We worked on my space in her space. We worked on hide the hinney x10. We worked on yielding her shoulder and backing up. We worked on hide the hinney again. This time she said enough, NO MORE! Then it came the arch in the back, the hiked up foot and the fight was on. I am not a fan of harsh handling of horses, but there is a time and a place for everything. I had come armed with a lunge whip, and a training stick. In a situation like this the training stick wasn't going to do me any good, so the whip which was laying at my feet flew into action. Every time she made the circle and kicked, I popped her on the butt. She started diving at me I threw up blocks and popped her front legs.

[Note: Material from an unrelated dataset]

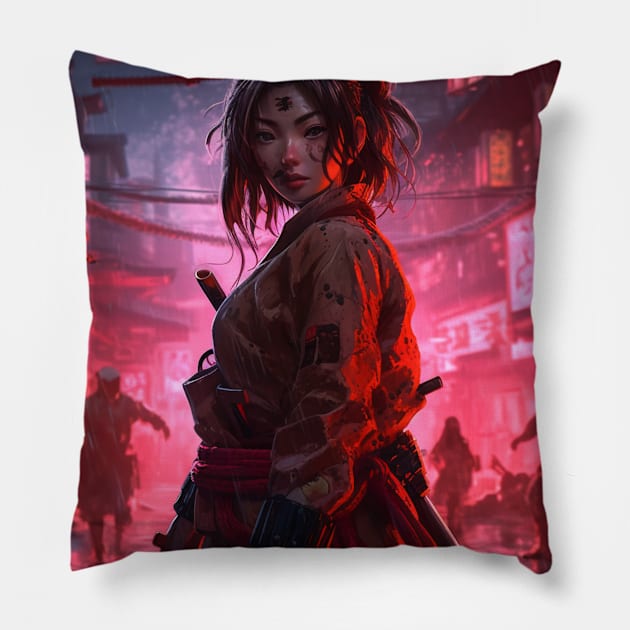 Cyberpunk Female Samurai Sakura Pillow by Nightarcade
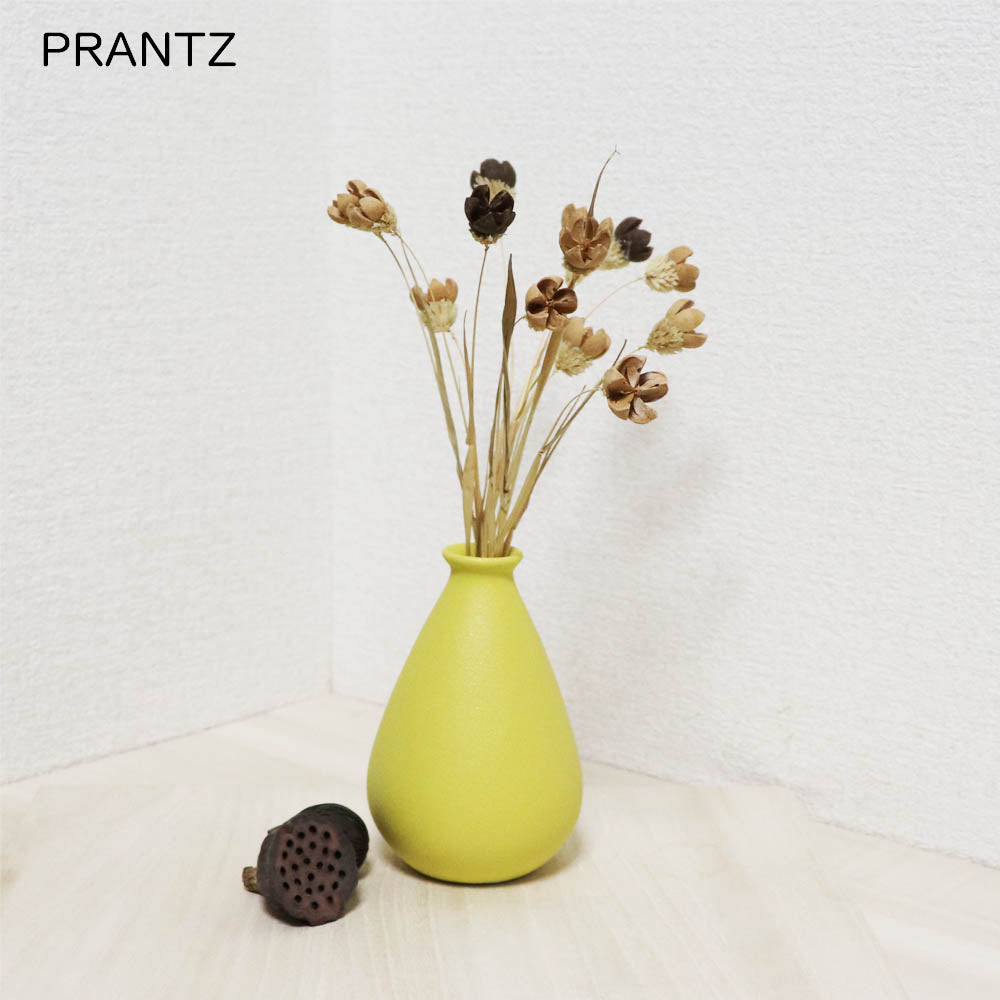花瓶 フラワーベース 鉢植え 一輪挿し 陶器 シンプル カラー:イエロー 製品サイズ:直径約9cm 高さ約14cm 口径約1.5cm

She finally stopped, nostrils flared, sides heaving and stared at me, clearly angry that I had not retreated YET. I by this point, was more than just a little worked up, but once she stopped and looked at me I knew we had reached the point where she knew I wasn't backing down, and we went back to work.
For the rest of our session, all I had to do was look at her butt and she would move it away and face me. She would pivot 360 degrees if I ask her too. The shoulder yield was allot slower coming but it did come, and we managed to get one circle on request with a stop. That was my stopping point. We made progress.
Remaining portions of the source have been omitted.